■ **TRY IT**: Skip the pictures. Output only the lines below starting at the line with "Планински велосипед Velors" and ending at the line with "Antop Antop AT-201B", both ends included, exactly as they are.

++++ DATASET ENTRIES

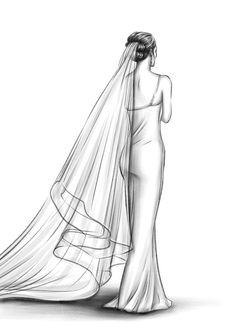 personalized black and white sketch of bride digital download of bride in sleek sheath dress and cascade angel cut ribbon wedding ve Bride To Be Drawing, Wedding Veil Sketch, Veil Sketch, Hood Sketch, Bride Sketch, Bridal Sketches, Wedding Dress Drawing, Bride Drawing, Wedding Dress Sketch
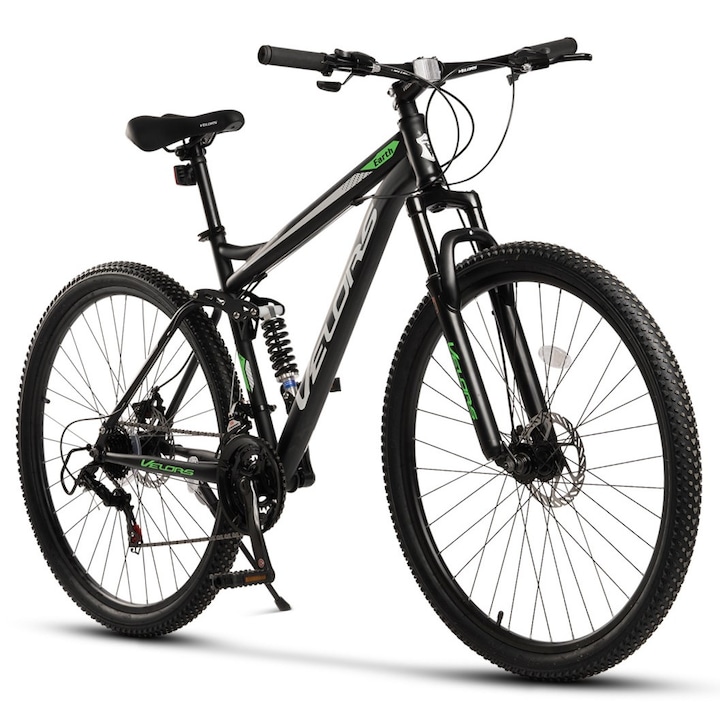 Планински велосипед Velors Matador JSX2960, Shimano, предно/задно окачване Genius, колело 29 инча, дискови спирачки, 21 скорости, черно със зелено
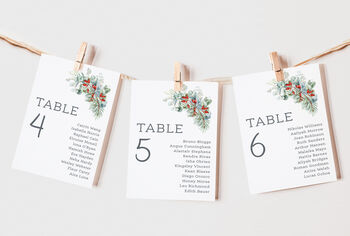 Festive Wedding Table Plan Cards, 3 of 7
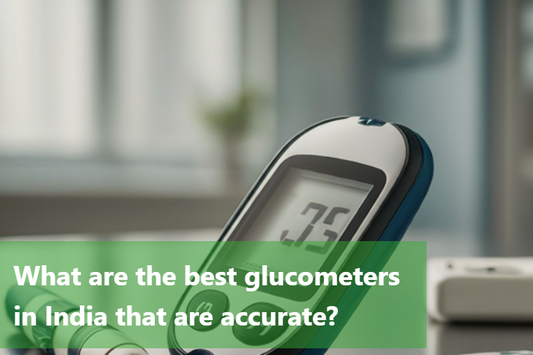 A close-up image of a glucometer on a table.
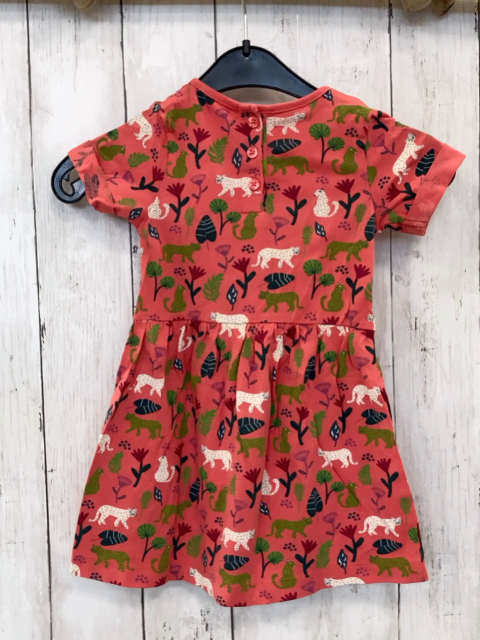 Sense Organics  Kleid  Gr. 92  hellrot Leoparden Blätter 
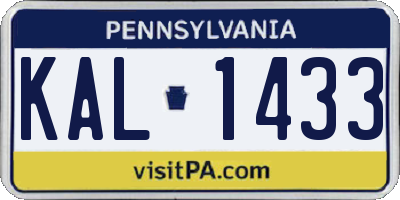 PA license plate KAL1433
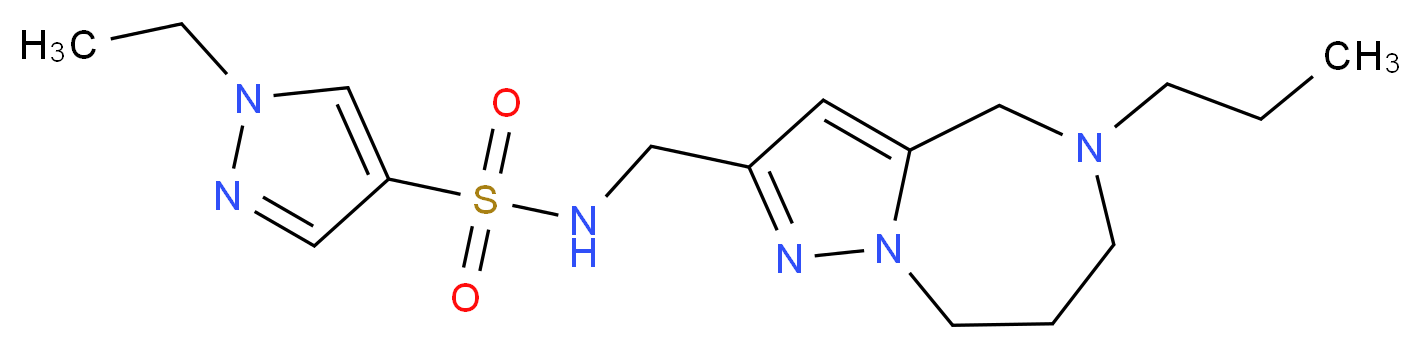 1-ethyl-N-[(5-propyl-5,6,7,8-tetrahydro-4H-pyrazolo[1,5-a][1,4]diazepin-2-yl)methyl]-1H-pyrazole-4-sulfonamide_分子结构_CAS_)
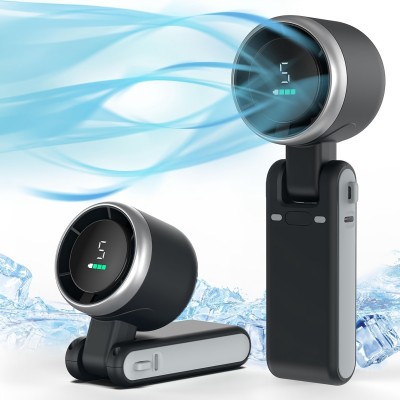 Tragbarer faltbarer USB-Lüfter wiederaufladbar ultra-leise 5 Geschwindigkeiten 3600mAh Akku 10h Laufzeit - Schwarz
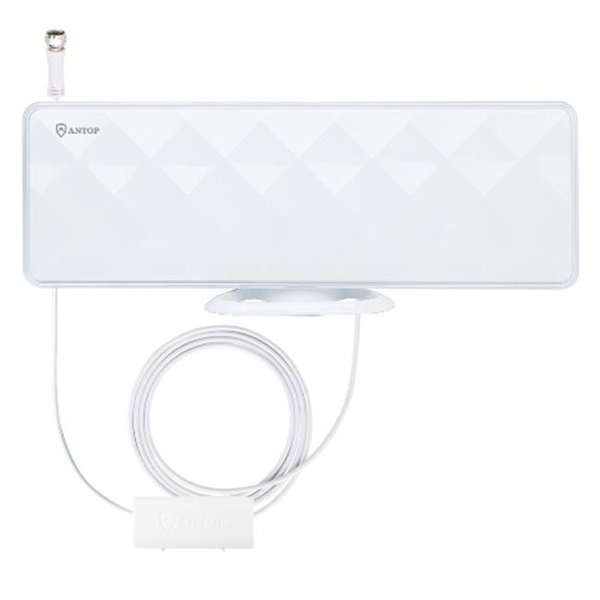 Antop Antop AT-201B Piano White Flat-Panel TV Antenna with Inline Smart Pass Amplifier; 40 & 50 Mile Range - 4K UHD Ready AT-201B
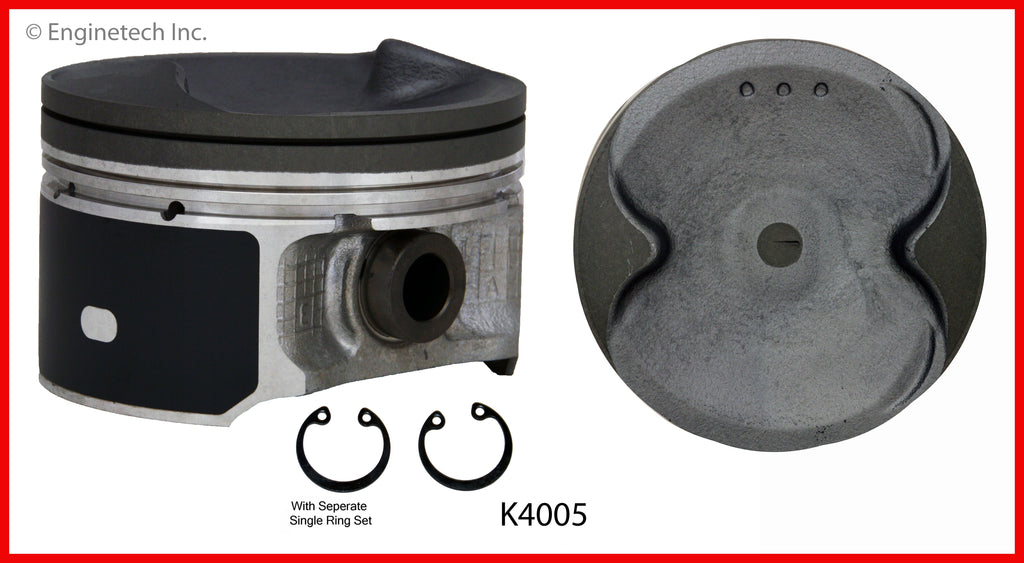 Enginetech K4005(4)P.50 Engine Piston Kit with Full Ring Stack for Nissan Frontier (2005-2011)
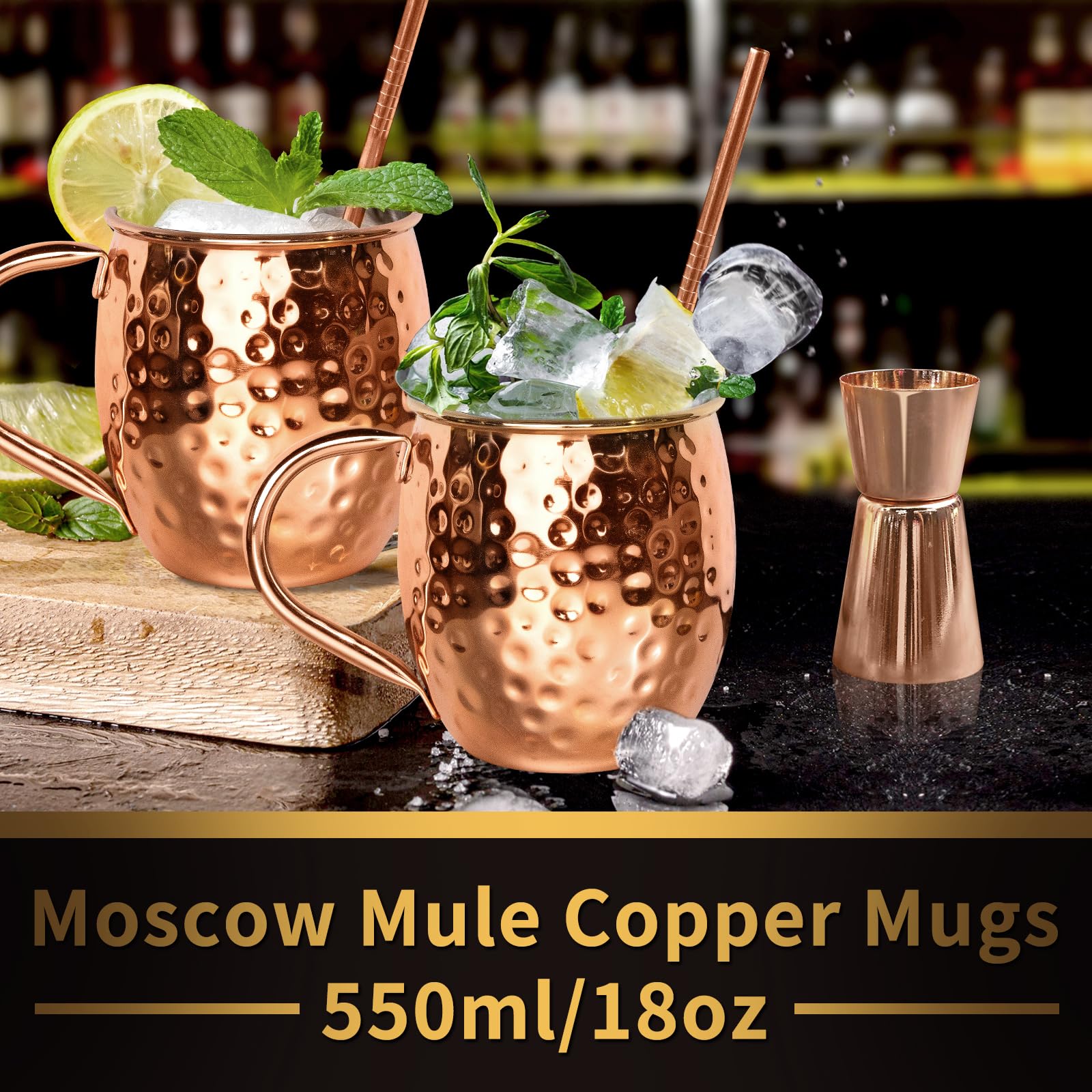 LINALL Moscow Mule Copper Mugs - Set of 2 (18oz) Copper Plated Stainless Steel Cups for Cocktails, Iced Coffee & Cold Beverages - Perfect for Parties, Bars & Home Entertaining
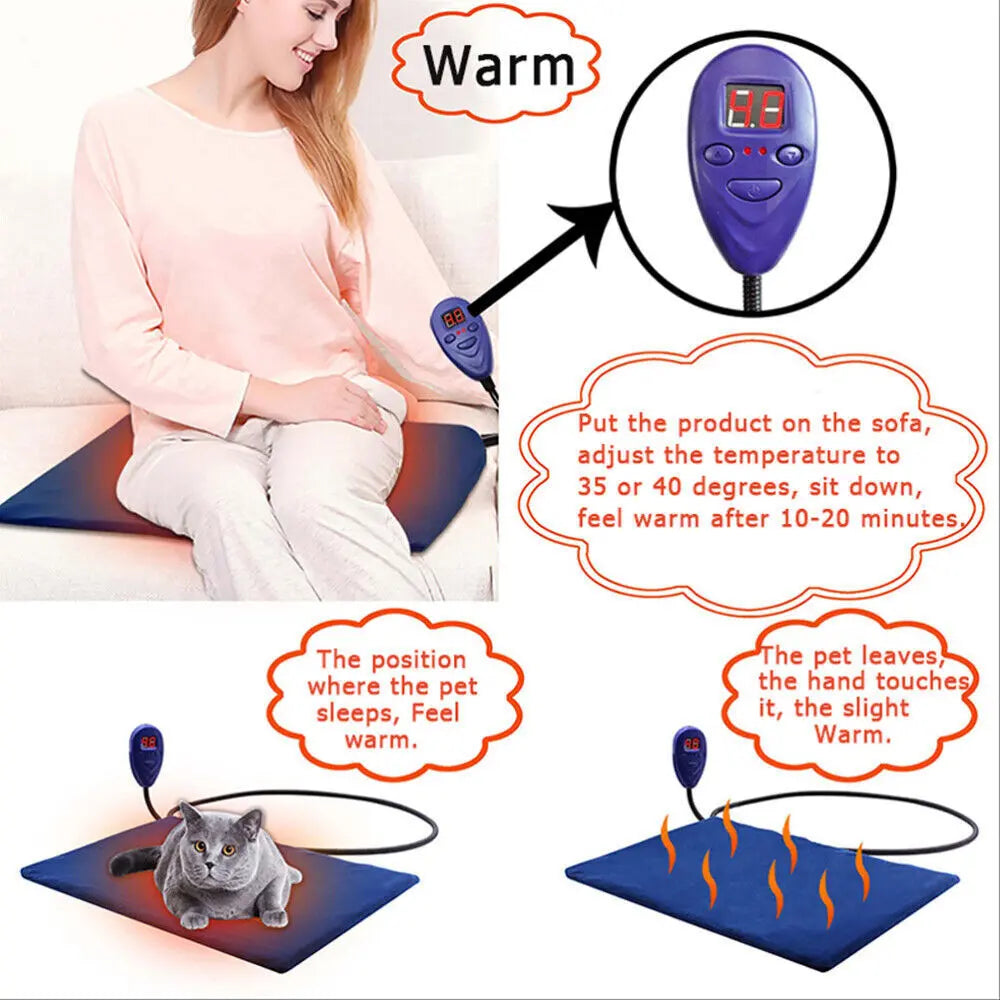 Electric Pet Heat Pad: Waterproof Heating Mat for Cat Dog Bed | Chew Resistant L - Paws & Palettes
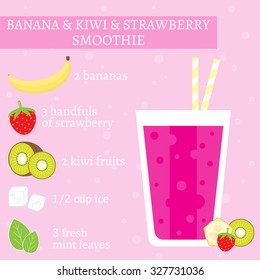 Banana, strawberry and kiwi fruit smoothie recipe. Menu element for cafe or restaurant with energetic fresh drink made in flat style. Fresh juice for healthy life. Organic raw shake.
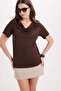 Women's Oversize Relaxed Fit Asymmetric Collar Short Sleeve Brown Viscose Blouse - 7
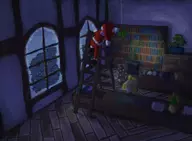 1girl animal_crossing bookshelf christmas colored computer desk eyes_closed hat isabelle ladder mayor mistletoe monitor night office santa_hat santa_outfit sleep villager window zzz // 1465x1073 // 1.4MB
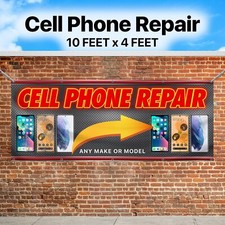 CELL PHONE REPAIR Banner Sign iphone samsung galaxy iOS Android neon alternative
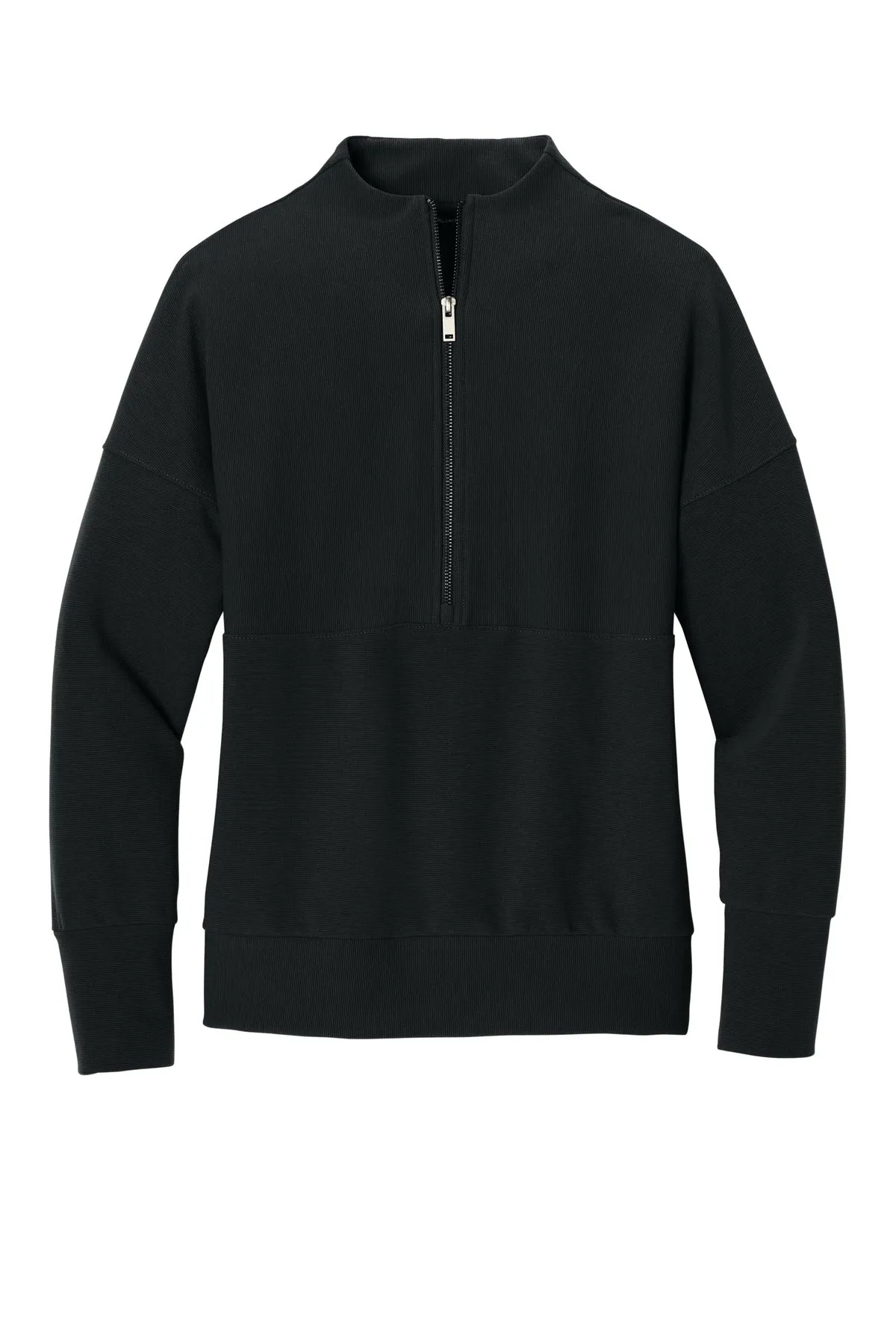 Mercer Mettle Women's Linear Texture 1/4-Zip MM3041 Deep Black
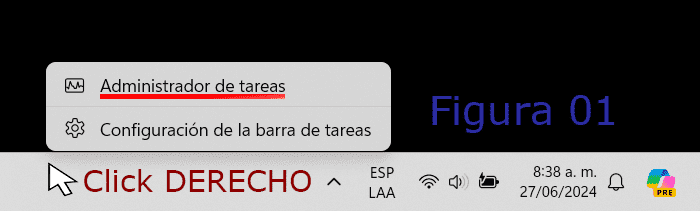 Abrir Administrador de tareas desde la barra de tareas en Windows 11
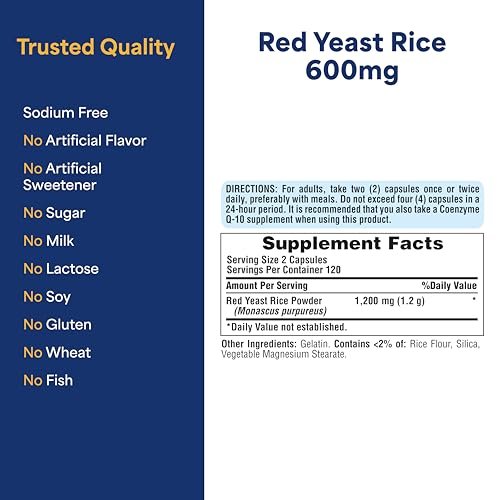 Puritan's Pride Doctors Trust® Rote Hefe Reis 600 mg – 240 Kapseln, Nahrungsergänzungsmittel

++++++++

■ **EXERCISE ANSWER**:
 Планински велосипед Velors Matador JSX2960, Shimano, предно/задно окачване Genius, колело 29 инча, дискови спирачки, 21 скорости, черно със зелено
 Festive Wedding Table Plan Cards, 3 of 7
 A close-up image of a glucometer on a table.
 Sense Organics  Kleid  Gr. 92  hellrot Leoparden Blätter 
 PA license plate KAL1433
 1-ethyl-N-[(5-propyl-5,6,7,8-tetrahydro-4H-pyrazolo[1,5-a][1,4]diazepin-2-yl)methyl]-1H-pyrazole-4-sulfonamide_分子结构_CAS_)
 Tragbarer faltbarer USB-Lüfter wiederaufladbar ultra-leise 5 Geschwindigkeiten 3600mAh Akku 10h Laufzeit - Schwarz
 Antop Antop AT-201B Piano White Flat-Panel TV Antenna with Inline Smart Pass Amplifier; 40 & 50 Mile Range - 4K UHD Ready AT-201B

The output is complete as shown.